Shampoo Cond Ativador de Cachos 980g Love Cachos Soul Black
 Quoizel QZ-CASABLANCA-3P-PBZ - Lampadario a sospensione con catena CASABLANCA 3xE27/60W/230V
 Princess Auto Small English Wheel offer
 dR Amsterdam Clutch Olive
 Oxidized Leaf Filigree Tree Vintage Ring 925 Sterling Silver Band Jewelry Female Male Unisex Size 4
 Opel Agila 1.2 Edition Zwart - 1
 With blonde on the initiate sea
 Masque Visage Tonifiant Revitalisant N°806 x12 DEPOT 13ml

■ Work instructions:
From the line with "Quoizel QZ-CASABLANCA-3P-PBZ - Lampadario" through the last line of the records, set down every line exactly as written and leave out all others.

■ Written answer:
 Quoizel QZ-CASABLANCA-3P-PBZ - Lampadario a sospensione con catena CASABLANCA 3xE27/60W/230V
 Princess Auto Small English Wheel offer
 dR Amsterdam Clutch Olive
 Oxidized Leaf Filigree Tree Vintage Ring 925 Sterling Silver Band Jewelry Female Male Unisex Size 4
 Opel Agila 1.2 Edition Zwart - 1
 With blonde on the initiate sea
 Masque Visage Tonifiant Revitalisant N°806 x12 DEPOT 13ml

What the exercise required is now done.